Stored items from a collection

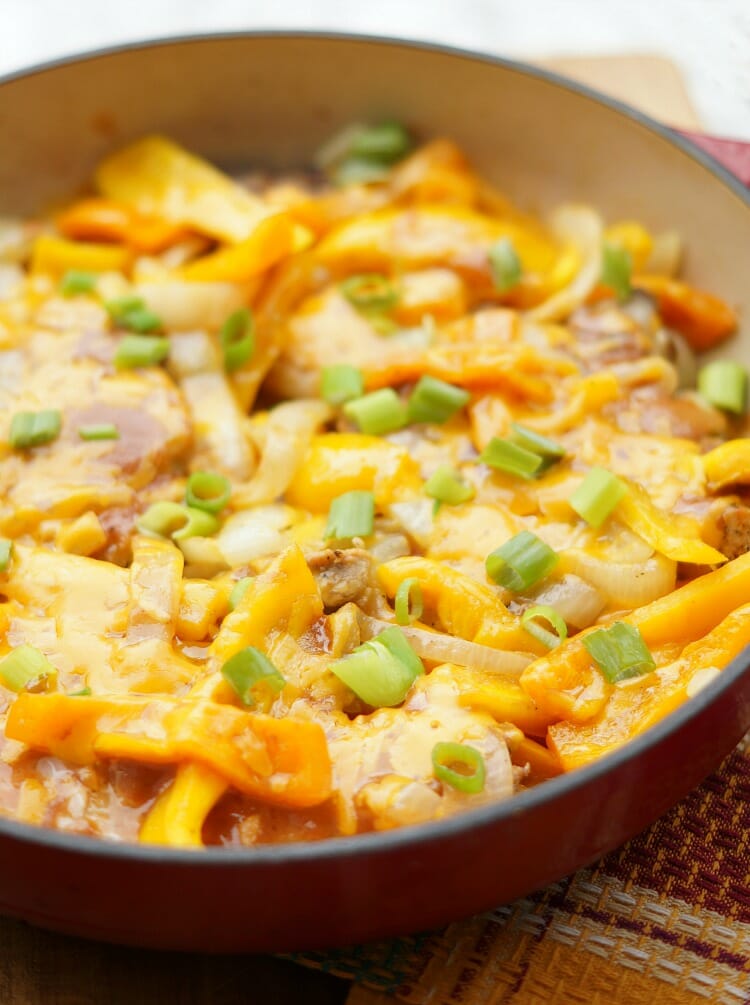 The best pork chop dinner! One Pan Smothered Pork Chops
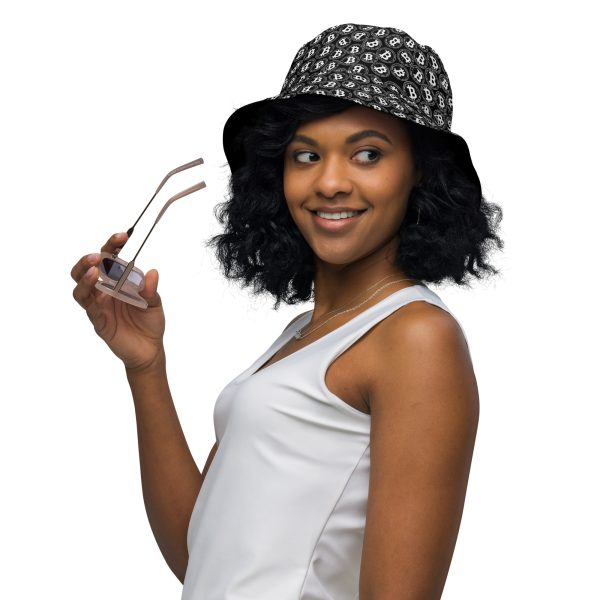 Reversible BW Bitcoin bucket hat - Image 3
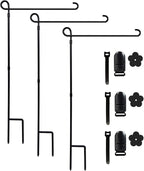 Solar-Powered Flagpole Light, Bright LED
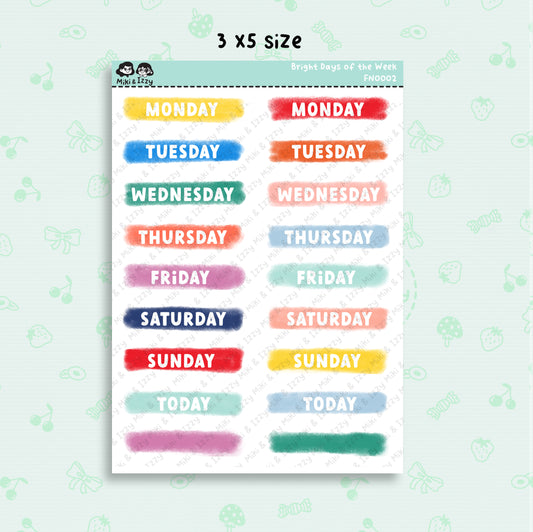 Days of the Week - Bright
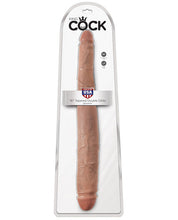 Load image into Gallery viewer, King Cock 16" Tapered Double Dildo - Tan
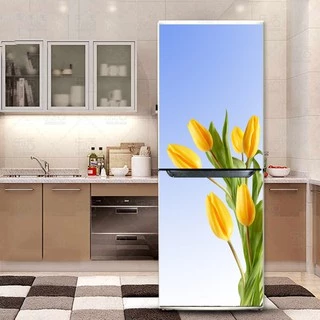 DECAL TRANG TRÍ TỦ LẠNH - HOA TULIP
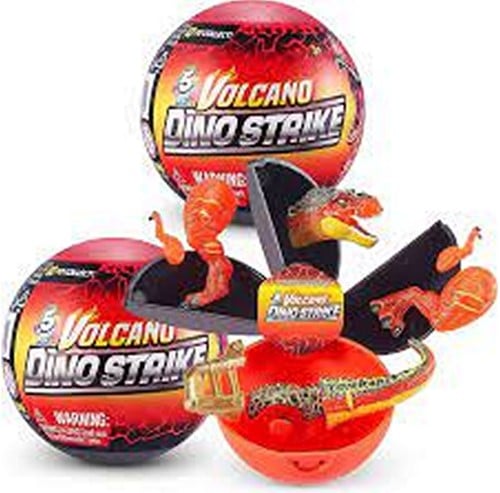 4894680019614 Zuru 5 Surprise Dino Strike Volcano – Capsule mystère 9 cm avec dinosaure articulé et accessoires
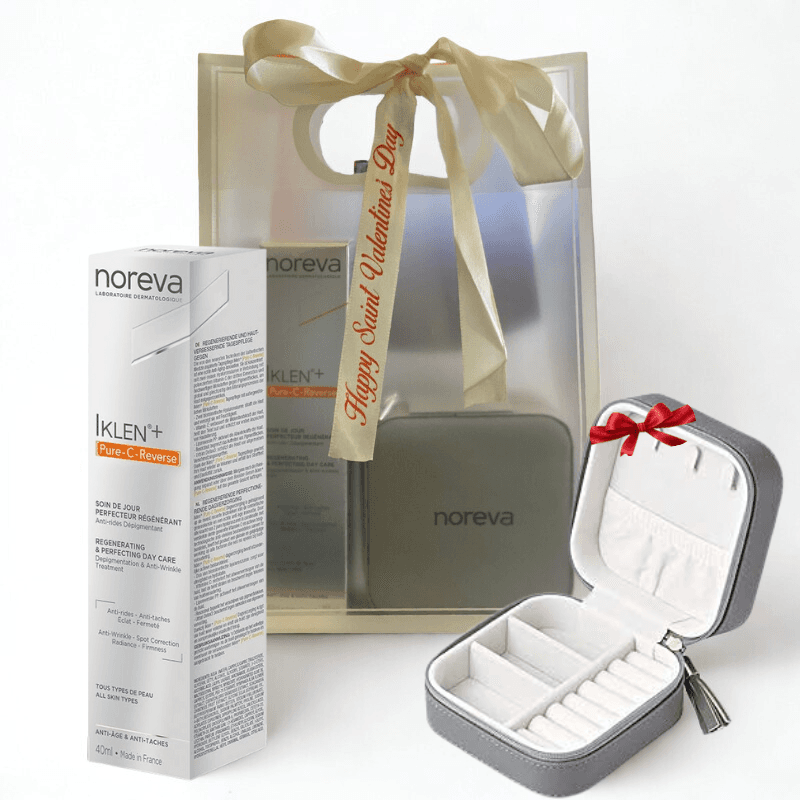 Noreva Coffret Iklen+ Pure C Reverse Soin De Jour Perfecteur Regenerant 40ml + Porte Bijoux (offert)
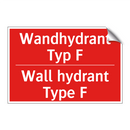 Wandhydrant Typ F - Wall hydrant Type F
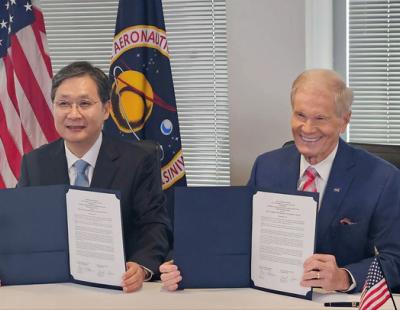 우주항공청·NASA, 공동성명서 채택…달 개척·우주 교통관리 협력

— TASK ITEM —
Leaving out every picture, repeat exactly the lines of the records from the start through the line that has "DECAL TRANG TRÍ TỦ LẠNH - HOA TULIP".

— RESULT OF THIS TASK —
 The best pork chop dinner! One Pan Smothered Pork Chops
 Reversible BW Bitcoin bucket hat - Image 3
 Solar-Powered Flagpole Light, Bright LED
 Days of the Week - Bright
 Load image into Gallery viewer, King Cock 16" Tapered Double Dildo - Tan
 DECAL TRANG TRÍ TỦ LẠNH - HOA TULIP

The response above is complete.